PROBLEM STATEMENT » Omit the pictures and extract only the lines from the line containing "Used 2010 Cypress" to the end of the material, each exactly as written.

DATA UNDER STUDY »
++++

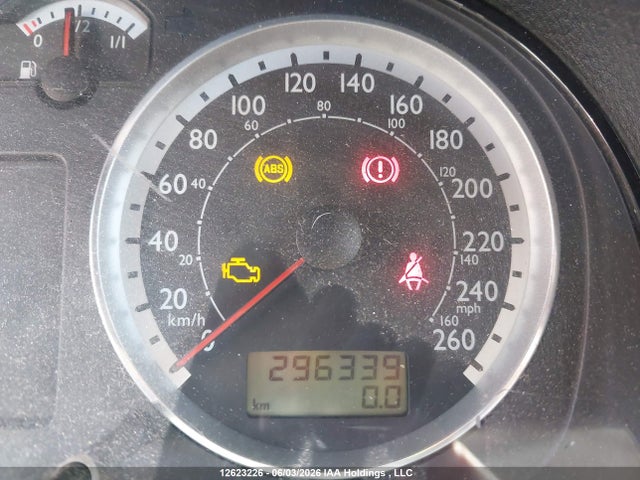 2001 Volkswagen Jetta მანქანა იყიდება აუქციონზე, vin: 3VWSP29M01M165368, აუქციონის ნომერი: 12623226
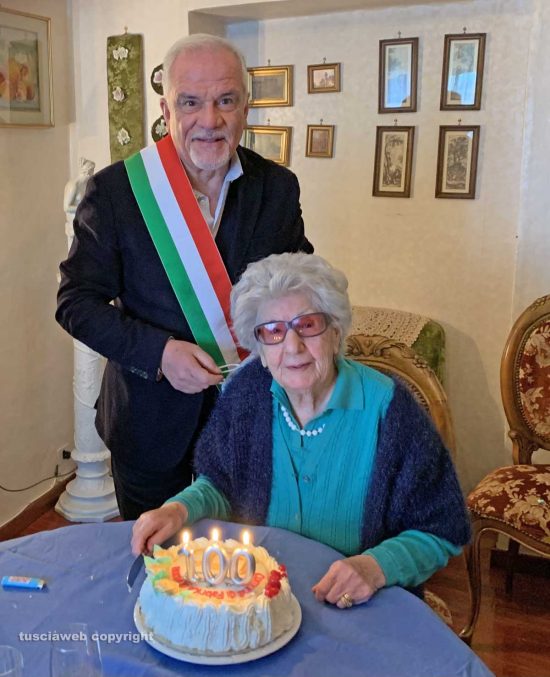 Fabrica di Roma - Il sindaco Claudio Ricci con Lea Stefanucci per festeggiare i suoi 100 anni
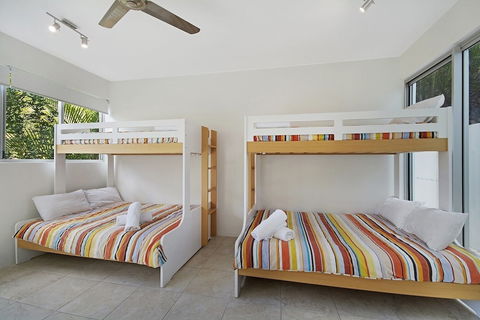 Private Little Cove Retreat Minutes To Hastings St. 3 Baywoods - Holiday Sunshine Coast 3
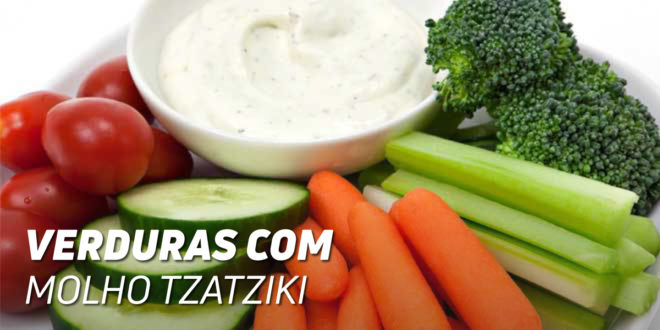 Verduras com Molho Tzatziki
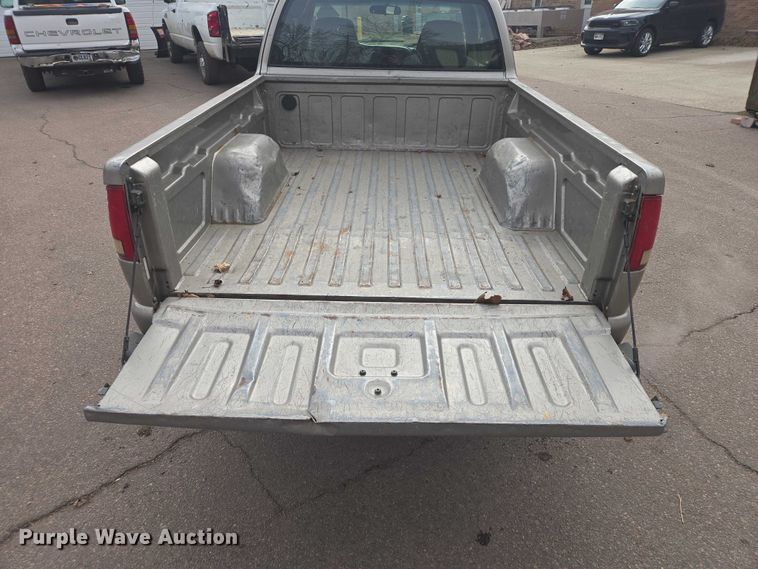 image for item EV5605 2002 Chevrolet S10 Ext. Cab pickup truck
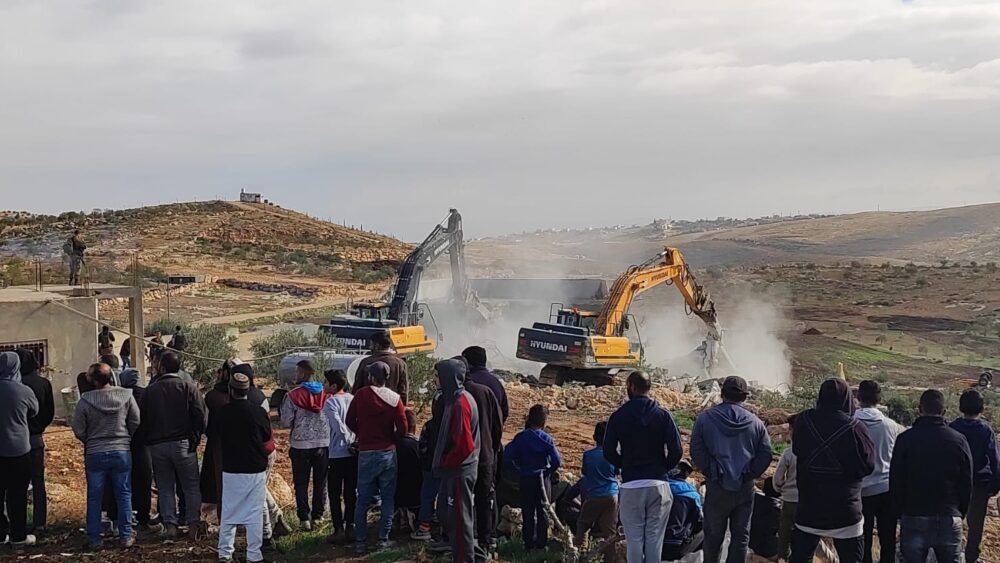 الاحتلال يهدم منزلين شرق وجنوب الخليل ويشرد 25 فرداً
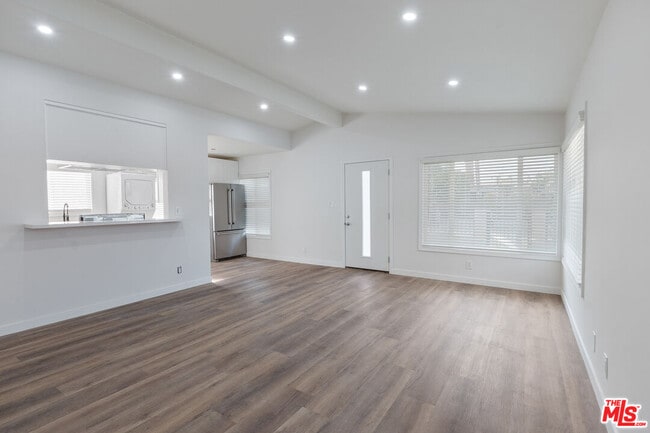 Foto del edificio - 10806 Doty Ave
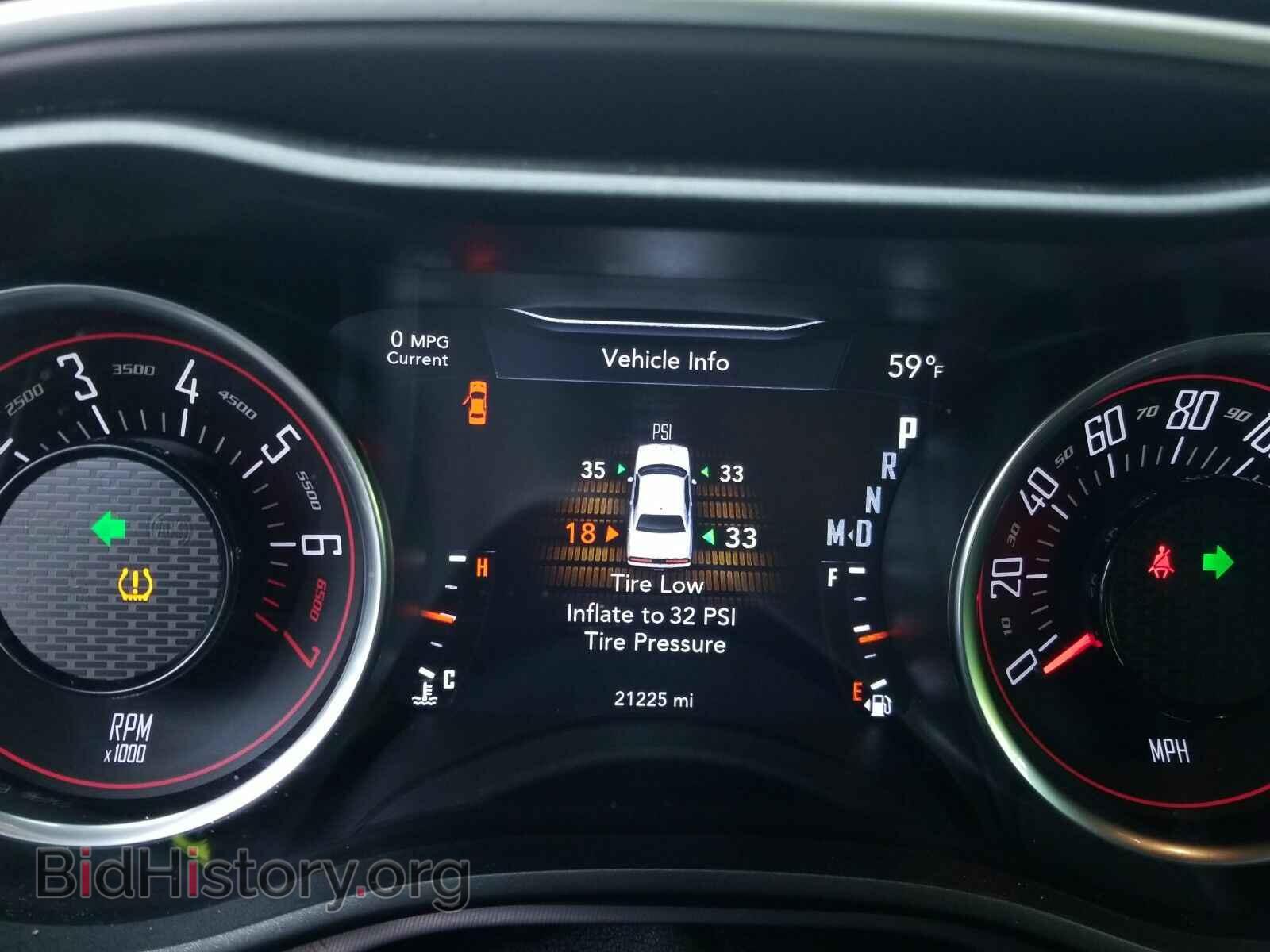 2019 Dodge Challenger - VIN: 2C3CDZAGXKH525426 - Фото 5
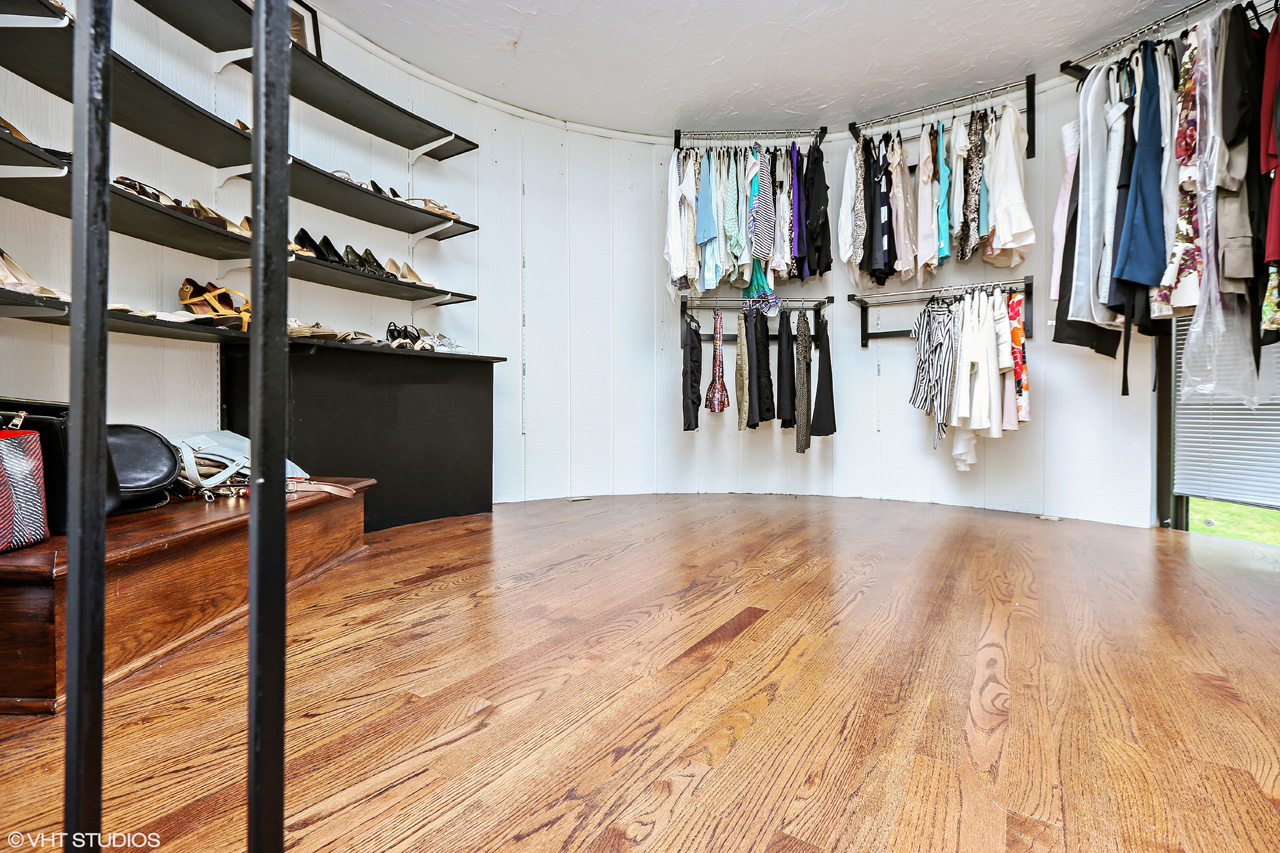 Call Lou Zucaro at 312.907.4085 to arrange a private showing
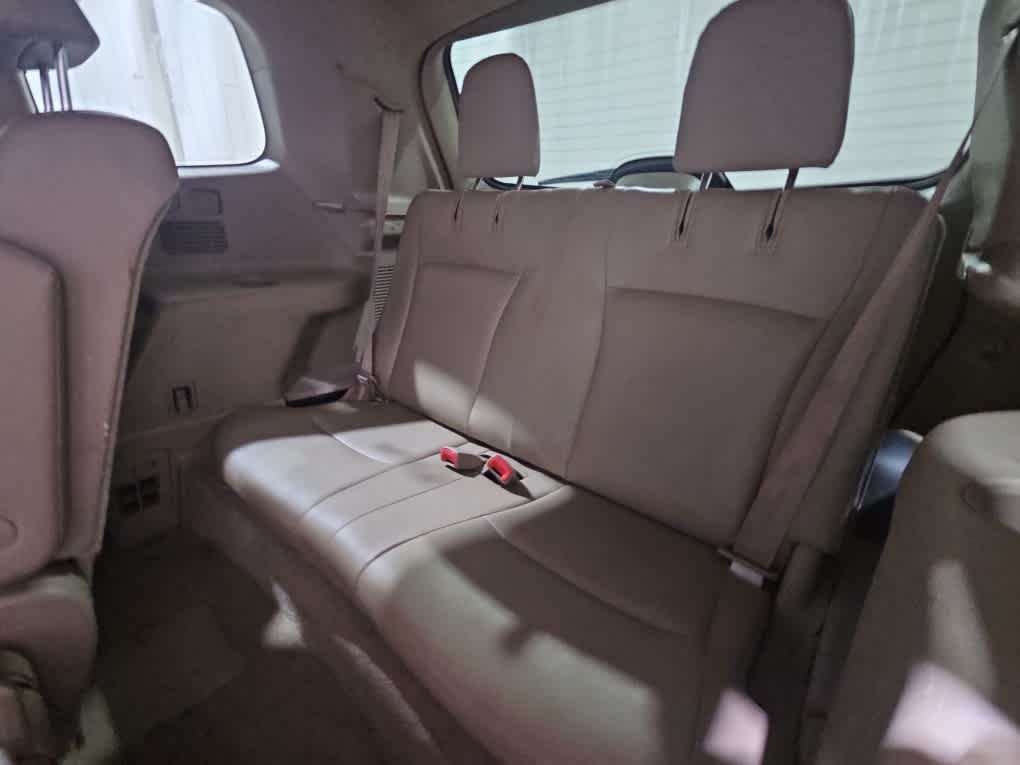 Used 2010 Cypress Pearl Toyota Limited w/3rd Row image 9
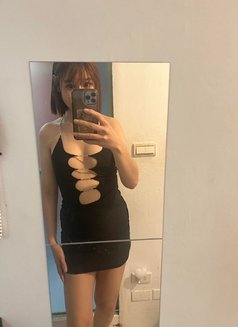 Yugi - escort in Taipei Photo 3 of 9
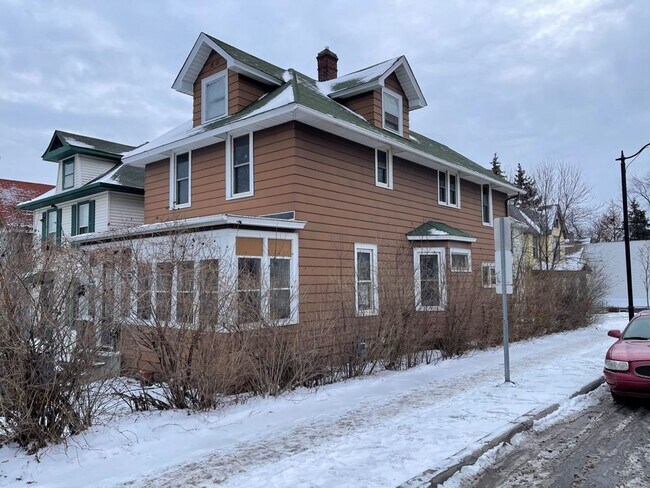 Duluth MN 4-Bedroom - 2-Bath - Single Fami... - Duluth MN 4-Bedroom - 2-Bath - Single Fami... Casa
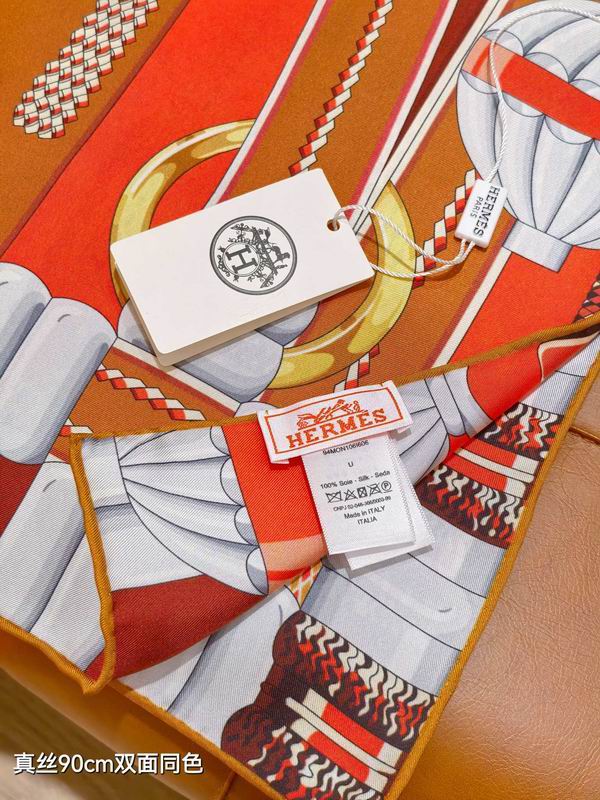Hermes silk scarf 90X90cm E44 (34)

++++

ANSWER TO THIS TASK »
 Used 2010 Cypress Pearl Toyota Limited w/3rd Row image 9
 Yugi - escort in Taipei Photo 3 of 9
 Duluth MN 4-Bedroom - 2-Bath - Single Fami... - Duluth MN 4-Bedroom - 2-Bath - Single Fami... Casa
Hermes silk scarf 90X90cm E44 (34)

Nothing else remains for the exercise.